▶ [RECORD EXTRACTS]:
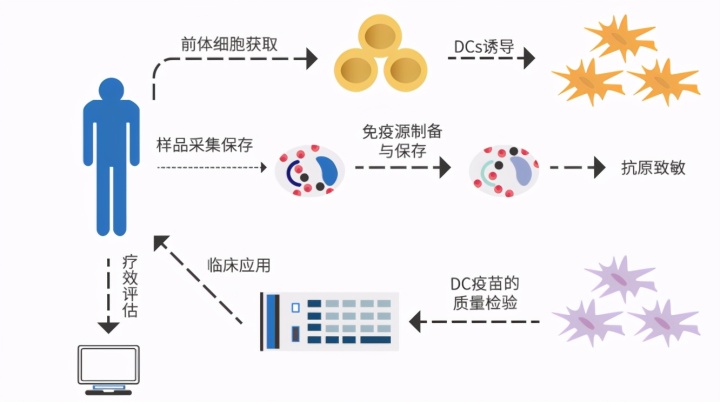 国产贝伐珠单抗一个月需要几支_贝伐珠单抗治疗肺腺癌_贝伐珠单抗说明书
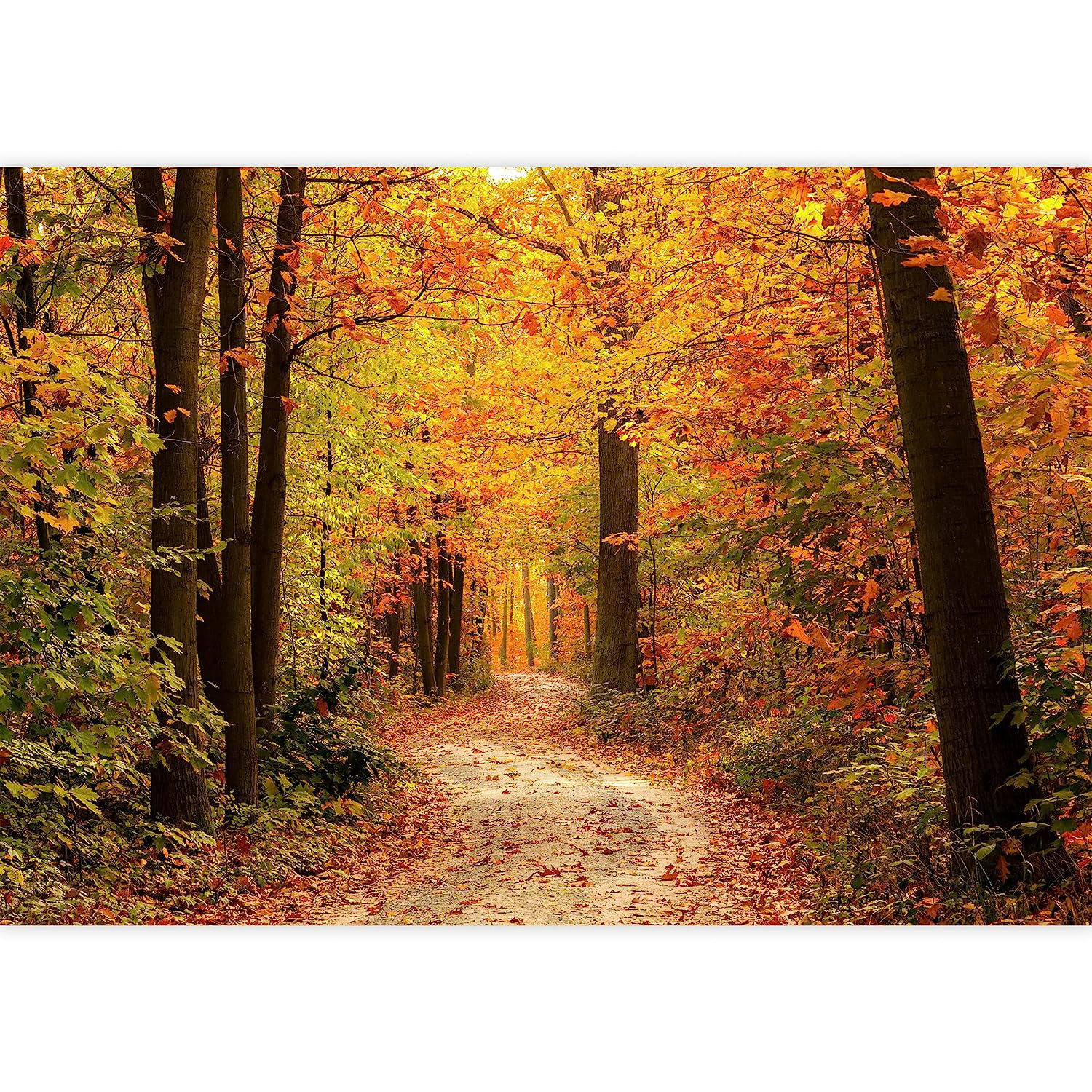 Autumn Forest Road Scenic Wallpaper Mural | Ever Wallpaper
...
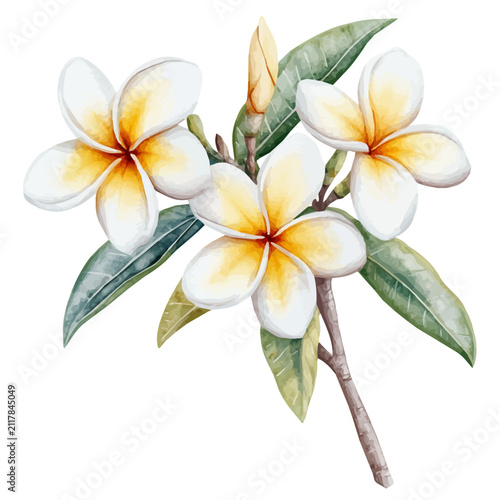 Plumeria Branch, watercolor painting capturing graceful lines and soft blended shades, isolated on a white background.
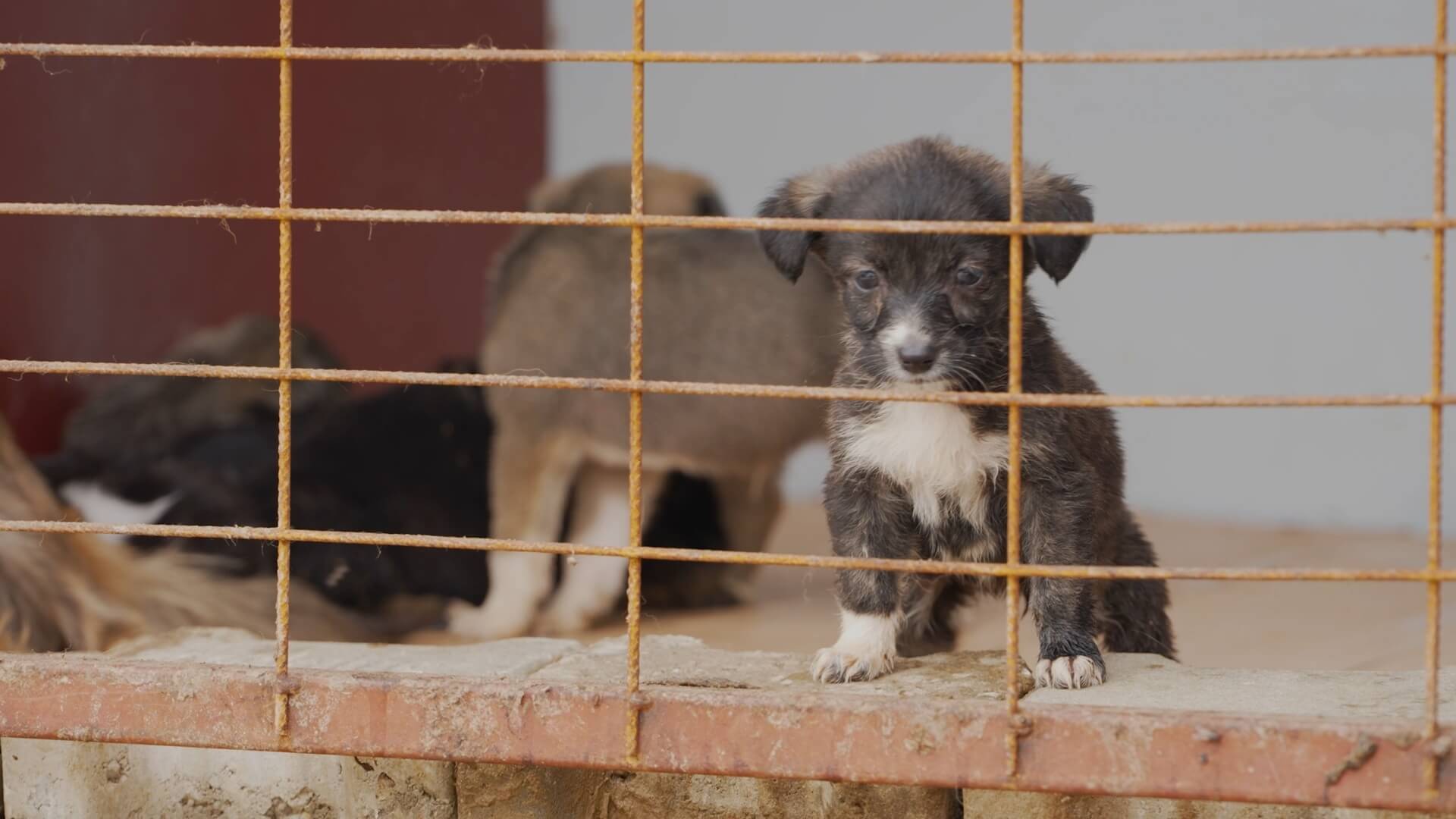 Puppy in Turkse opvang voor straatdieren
...
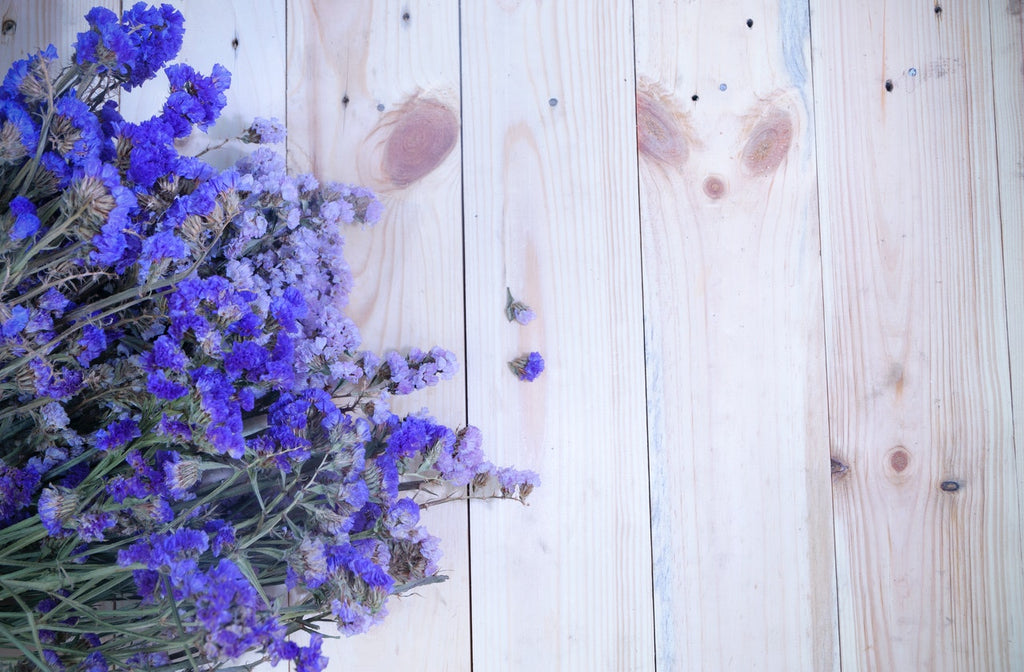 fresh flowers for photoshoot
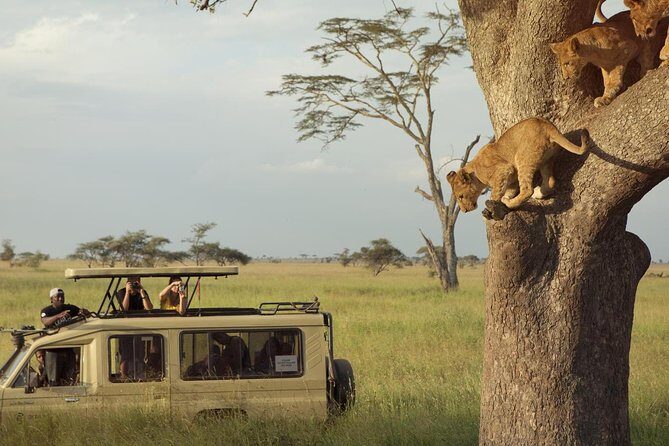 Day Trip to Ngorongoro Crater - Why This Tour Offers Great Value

▶ [PROBLEM DETAILS]: In the data above, take the line with "国产贝伐珠单抗一个月需要几支_贝伐珠单抗治疗肺腺癌_贝伐珠单抗说明书", the line with "Autumn Forest Road", and every line between, and set them down exactly without pictures.

▶ [REPLY]:
 国产贝伐珠单抗一个月需要几支_贝伐珠单抗治疗肺腺癌_贝伐珠单抗说明书
 Autumn Forest Road Scenic Wallpaper Mural | Ever Wallpaper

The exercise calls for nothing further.